The stakes were high. Gould figured to win or lose millions, depending on the outcome of the trial. It was just about the money, at least that was what he said. But in his heart, he knew a victory could mean vindication, too.
Quite a few people refused to believe Gould had invented the laser. The thinking was, he couldn't have. To do something like that, you had to be a serious scientist, or at least be an acolyte to one. Poor Gordon Gould, he didn't even have a Ph.D. And acolyte had never been a good way to describe him. So you were stuck with the insupportable notion that a thirty-seven-year-old graduate student had grasped the key to one of the more significant inventions of all time. Meanwhile, working down the hall was a very serious scientist and professor who, by the way, obtained the first patent on a laser and went on to win a Nobel Prize -- before somebody figured out that the laser in his patent wouldn't work. Gould couldn't count the times his own claims had been greeted by the sound of laughter. If they wanted to be nice, those serious scientists, they would let on that Gould was clever enough but just, well, not really serious; he doesn't publish in our journals, you see, he doesn't go to our meetings. If they didn't want to be nice -- and this was usually the case -- they would hint that Gould had stolen his ideas from the august professor down the hall and then tried to claim them as his own. Hardly anyone but Gould was willing to say that it might have been the other way around.
Gould settled in his chair, thinking that if he won this thing, it would not only fill his pockets and bring his long ordeal to an end, it would force the keepers of the grail to rewrite their scientific histories. He wanted that more than he was willing to admit.
The snowy-haired Goodrich stood near the railing of the witness stand and asked Gould to tell the jury a little bit about himself.
Gould leaned toward the microphone. He described his early life, his studies, his early attempts to make inventions, his return to graduate studies to learn physics when he realized he didn't know enough. He spoke quietly, matter-of-factly, until he began describing that November night in 1957.
Now something stirred. Gould, reliving the moment of his discovery, transformed in the witness box. He shed years of age and the lines in his face softened. His eyes shone and his voice crackled with new energy.

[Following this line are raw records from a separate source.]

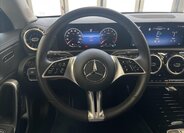 Mercedes-Benz CLA Kombi 1,3 l 120 kw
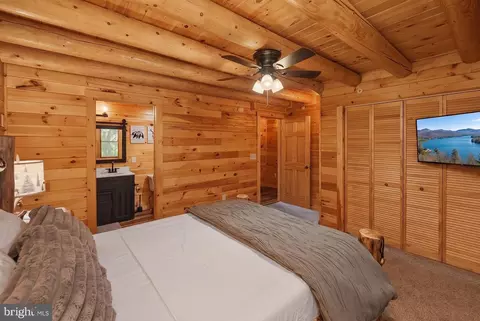 Bedroom - 92 Westward Way, Mc Henry, MD 21541 photo 4 of 18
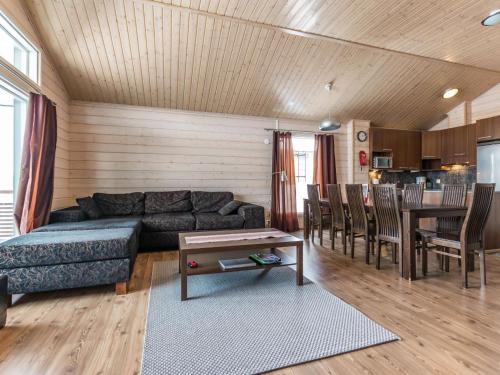 Holiday Home Hallan karhu c- paritalo by Interhome in Hyrynsalmi Holiday Home Hallan karhu c- paritalo by Interhome in Hyrynsalmi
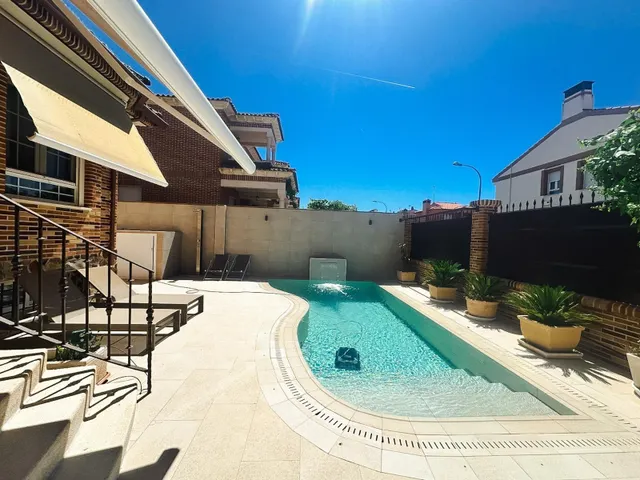 Gran Chalet  en Ocaña, Toledo. — 37
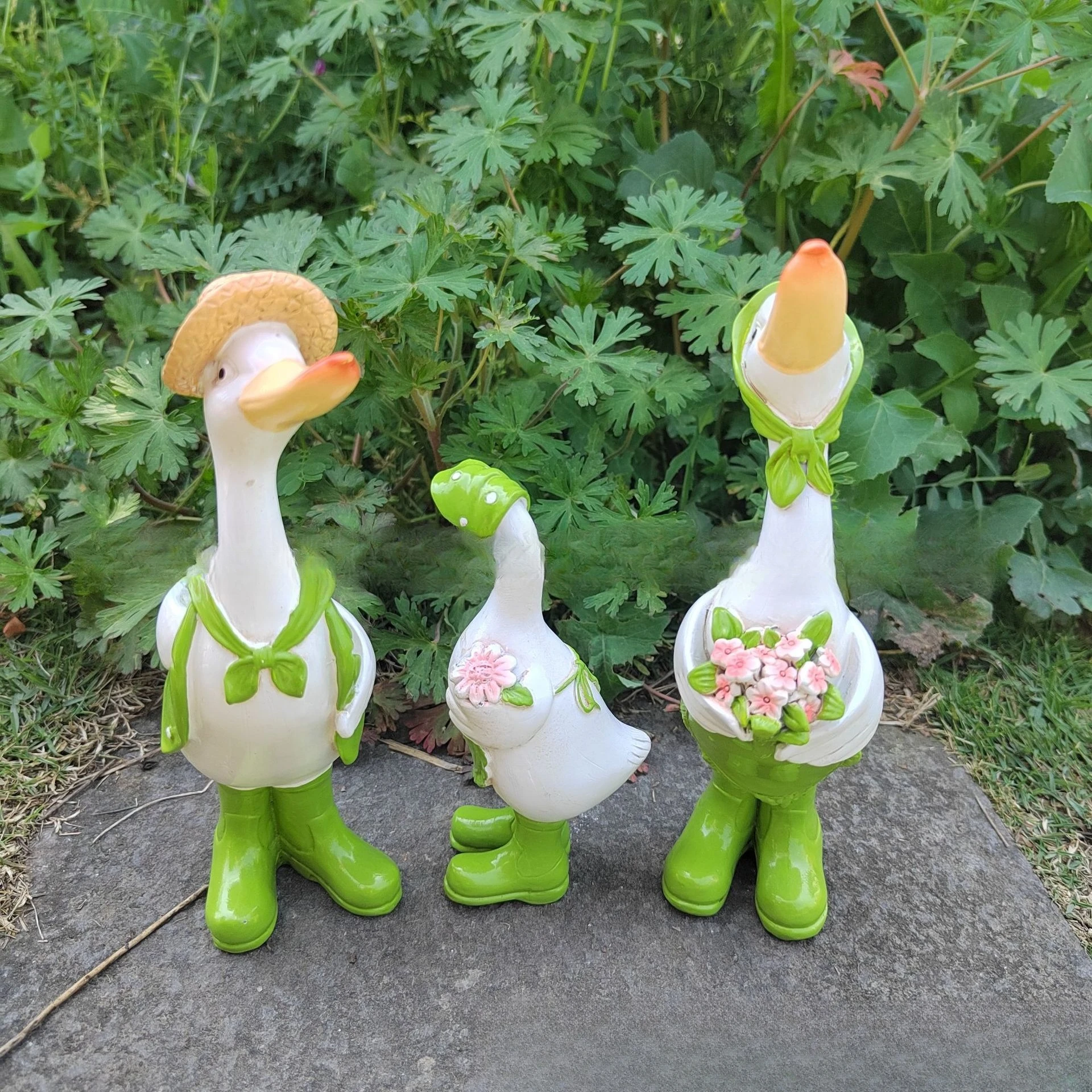 Whimsical Couple Duck Statues - Realistic Resin Garden Decor with Hats - Charming Yard Ornaments for Patio & Lawn with Hats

"It suddenly flashed into my mind that the amplification of light was going to do something quite remarkable, or could be made to do something remarkable," he said. "Instead of light going in every direction, you could generate a straight beam and concentrate the amplified light power into a beam of great intensity. You could focus that beam down to a tiny spot and get a fantastic intensity. And that thought was exciting. That immediately opened up my mind. My God, you could do things with this which have never been done before!"